Des ouvrages de l'esprit
1 (I)
Tout est dit, et l'on vient trop tard depuis plus de sept mille ans qu'il y a des hommes et qui pensent. Sur ce qui concerne les moeurs, le plus beau et le meilleur est enlevé; l'on ne fait que glaner après les anciens et les habiles d'entre les modernes.
2 (I)
Il faut chercher seulement à penser et à parler juste, sans vouloir amener les autres à notre goût et à nos sentiments; c'est une trop grande entreprise.
3 (I)
C'est un métier que de faire un livre, comme de faire une pendule: il faut plus que de l'esprit pour être auteur. Un magistrat allait par son mérite à la première dignité, il était homme délié et pratique dans les affaires: il a fait imprimer un ouvrage moral, qui est rare par le ridicule.
4 (I)
Il n'est pas si aisé de se faire un nom par un ouvrage parfait, que d'en faire valoir un médiocre par le nom qu'on s'est déjà acquis.
5 (I)
Un ouvrage satirique ou qui contient des faits, qui est donné en feuilles sous le manteau aux conditions d'être rendu de même, s'il est médiocre, passe pour merveilleux; l'impression est l'écueil.
6 (I)
Si l'on ôte de beaucoup d'ouvrages de morale l'avertissement au lecteur, l'épître dédicatoire, la préface, la table, les approbations, il reste à peine assez de pages pour mériter le nom de livre.
7 (I)
Il y a de certaines choses dont la médiocrité est insupportable: la poésie, la musique, la peinture, le discours public.
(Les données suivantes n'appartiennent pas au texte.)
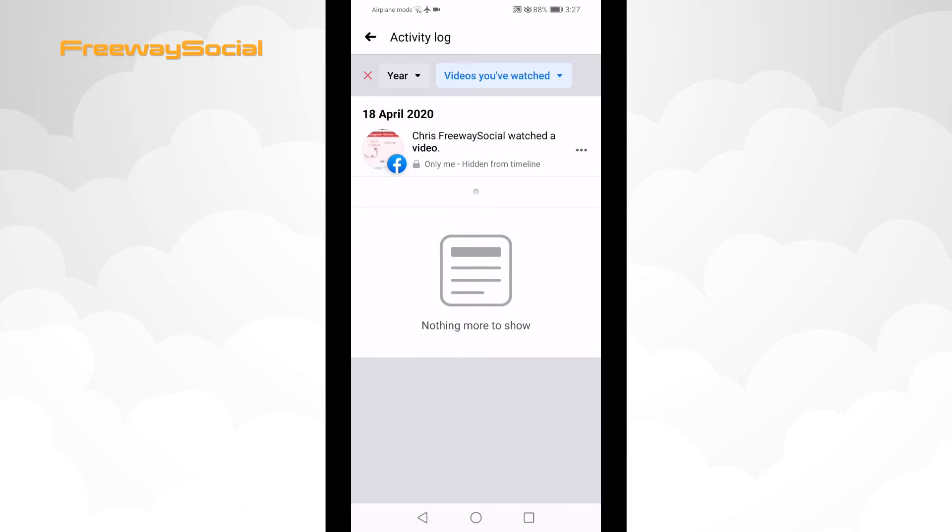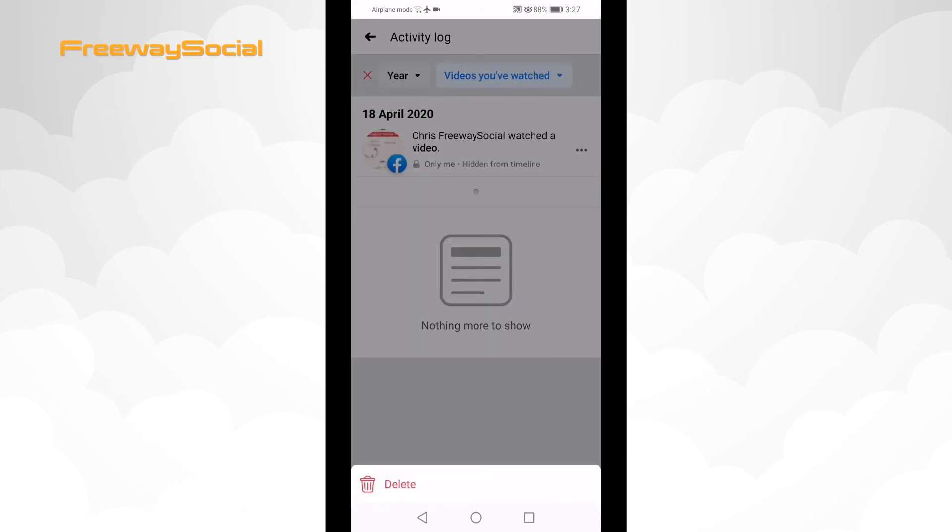In this page you will see all of your watched videos on Facebook. Click the three dot icon next to the video and select delete.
Quel supplice que celui d'entendre déclamer pompeusement un froid discours, ou prononcer de médiocres vers avec toute l'emphase d'un mauvais poète!
8 (V)
Certains poètes sont sujets, dans le dramatique, à de longues suites de vers pompeux, qui semblent forts, élevés, et remplis de grands sentiments. Le peuple écoute avidement, les yeux élevés et la bouche ouverte, croit que cela lui plaît, et à mesure qu'il y comprend moins l'admire davantage; il n'a pas le temps de respirer, il a à peine celui de se récrier et d'applaudir. J'ai cru autrefois, et dans ma première jeunesse, que ces endroits étaient clairs et intelligibles pour les acteurs, pour le parterre et l'amphithéâtre, que leurs auteurs s'entendaient eux-mêmes, et qu'avec toute l'attention que je donnais à leur récit, j'avais tort de n'y rien entendre: je suis détrompé.
9 (I)
L'on n'a guère vu jusques à présent un chef-d'oeuvre d'esprit qui soit l'ouvrage de plusieurs: Homère a fait l'Iliade, Virgile l'Énéide, Tite-Live ses Décades, et l'Orateur romain ses Oraisons.
10 (I)
Il y a dans l'art un point de perfection, comme de bonté ou de maturité dans la nature. Celui qui le sent et qui l'aime a le goût parfait; celui qui ne le sent pas, et qui aime en deçà ou au delà, a le goût défectueux. Il y a donc un bon et un mauvais goût, et l'on dispute des goûts avec fondement.
11 (I)
Il y a beaucoup plus de vivacité que de goût parmi les hommes; ou pour mieux dire, il y a peu d'hommes dont l'esprit soit accompagné d'un goût sûr et d'une critique judicieuse.
12 (I)
La vie des héros a enrichi l'histoire, et l'histoire a embelli les actions des héros: ainsi je ne sais qui sont plus redevables, ou ceux qui ont écrit l'histoire à ceux qui leur en ont fourni une si noble matière, ou ces grands hommes à leurs historiens.
13 (I)
Amas d'épithètes, mauvaises louanges: ce sont les faits qui louent, et la manière de les raconter.
14 (I)
Tout l'esprit d'un auteur consiste à bien définir et à bien peindre. Moïse, Homère, Platon, Virgile, Horace ne sont au-dessus des autres écrivains que par leurs expressions et par leurs images: il faut exprimer le vrai pour écrire naturellement, fortement, délicatement.
15
(V) On a dû faire du style ce qu'on a fait de l'architecture. On a entièrement abandonné l'ordre gothique, que la barbarie avait introduit pour les palais et pour les temples; on a rappelé le dorique, l'ionique et le corinthien: ce qu'on ne voyait plus que dans les ruines de l'ancienne Rome et de la vieille Grèce, devenu moderne, éclate dans nos portiques et dans nos péristyle. De même, on ne saurait en écrivant rencontrer le parfait, et s'il se peut, surpasser les anciens que par leur imitation.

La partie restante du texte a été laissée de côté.